Here in Alaska, we have an annual competition of ice sculptors from around the world. I’ve helped with some of these projects and noticed that they share something in common with novel writing. An ice sculptor takes a block — or several — of ice and pares it down to something beautiful.

I’ve published seven books, in addition to submitting shorts to anthologies, and my editing process is a great deal like the process I see ice sculptors using. I am an inveterate self-editor who does not like to share her books before they’re almost ready for prime time. I did allow an editor a somewhat early crack at “What If … Wasn’t” which is why it is under extensive rewrite still two years later. It’s a good process that will make a better book, but that’s not my normal way of doing things.

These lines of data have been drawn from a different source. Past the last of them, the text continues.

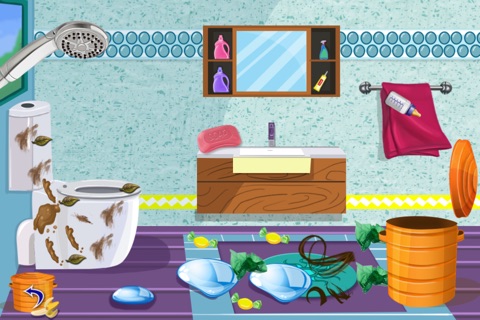 Toilet Wash - Kids bathroom washing fun game screenshot 2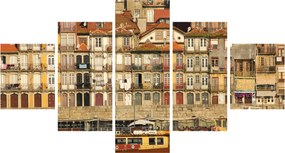 Obraz - Dzielnica Waterfront, Portugalia (125x70 cm)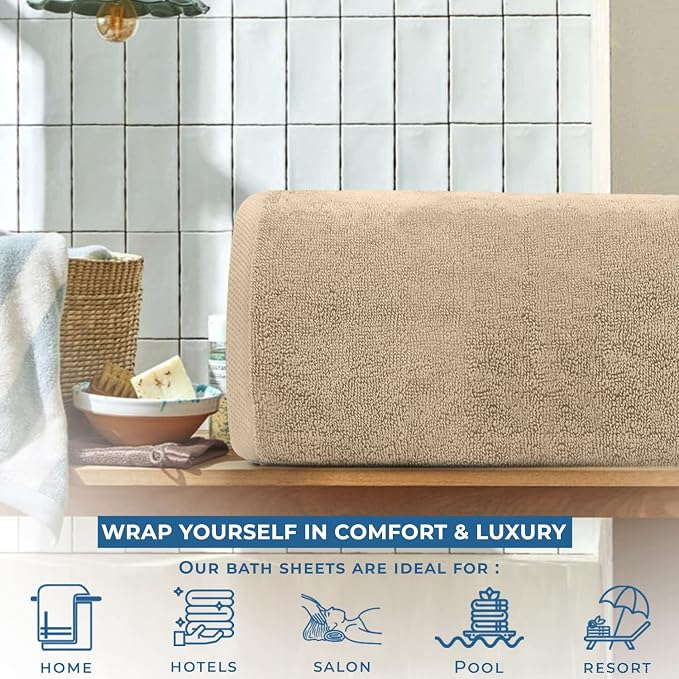 DAN RIVER Pack of 1 Bath Sheet 40x80 Inches, Big Towels Oversized Extra Large - Image 5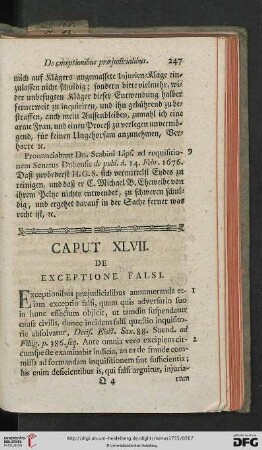 Caput XLVII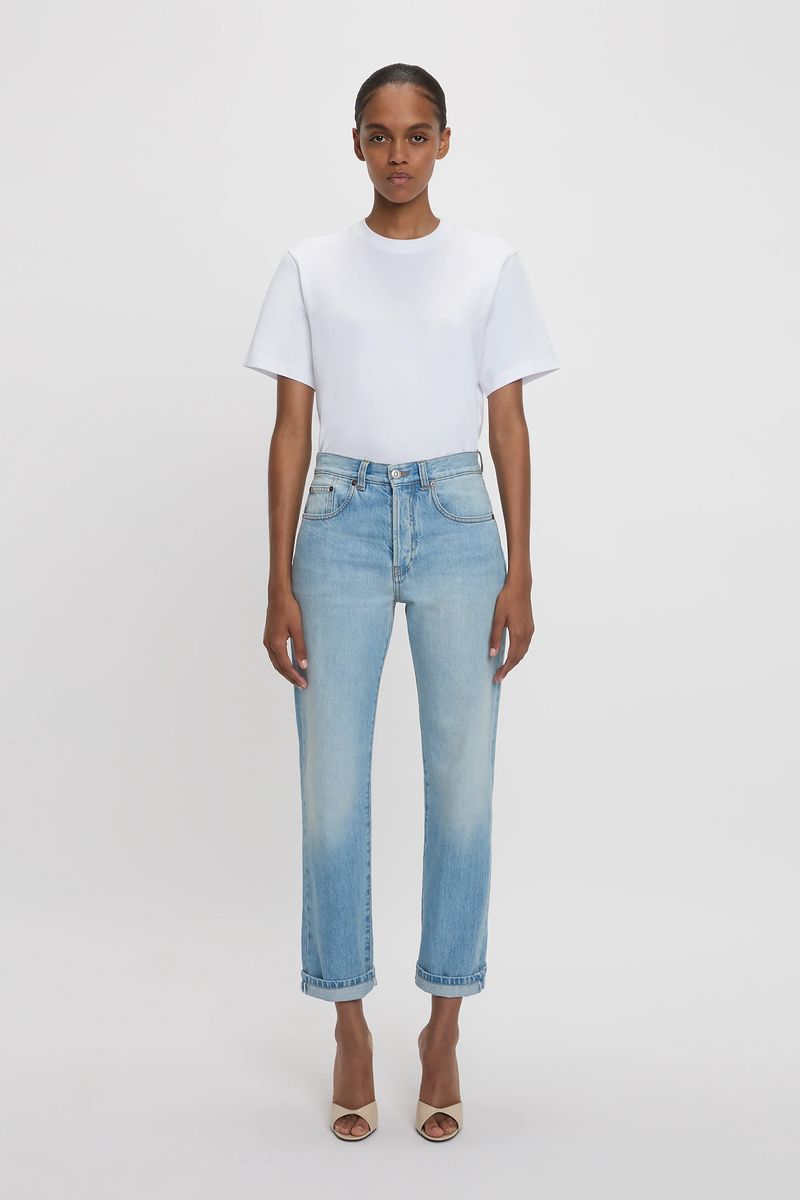 Mid-Rise Jeans mit geradem Bein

When I write a first draft and to a certain extent the rewrite, it’s almost all creative process. I create the block, the large strokes of the story. I do some spot editing while I write. I fix my obvious typos and correct my spelling errors and grammar when they jump out at me, but for the most part, my first draft is pure creativity. I want to get the story down. I’m concentrating on narrative voice and character interaction and sometimes action scenes will be just one or two sentences because that’s not where I live as a writer. I know I’m going to come back later, so I’m not worried about making mistakes. This is my time to get messy and to throw stuff in that might not work. If it sticks to the wall, great. If it doesn’t, I can always revise.

Rewrite

My second draft is actually a rewrite that will invariably have a lot cut from it, but it will also be longer than the first draft because when I read the manuscript in its entirely, A bit like an ice sculptor using what is called ice welding, I”ll recognize where there are holes or events that don’t make sense without context and I will provide those. I’m a character-drive writer, so often times I don’t bother with descriptions during the first draft. I add those on the second draft because I recognize that pages and pages of dialog makes tough reading and sometimes I’ll cut a lot of dialog because I don’t need it once I add the description.

Pruning

I end up at negative editing in what can arguably be called my third draft. I don’t really experience it as another draft, but I’ve had editors and writing partners term it a third draft, so I’ll go with what they say.

This is where I get ambitious. Everything is up for grabs. A 12-word sentence can become a 9-word sentence with a tweak and a stronger verb. Whole conversations that were merely filler might be cut down to a few words. The plot has already been changed and rerouted during the rewrite, but it might get tweaked again. Sometimes I’ll decide a scene needs a change of POV because, for example, Jazz would see things Shane would not or vice versa. I’ve moved whole scenes from one location to another, swapped paragraph order or even substituted characters that weren’t in the original scene.

I pay particular attention to the voice of the characters at this point. And not just the characters who are speaking dialog, but the POV character’s narrative voice. There’s no reason to have more than one POV if they all sound as if they think alike.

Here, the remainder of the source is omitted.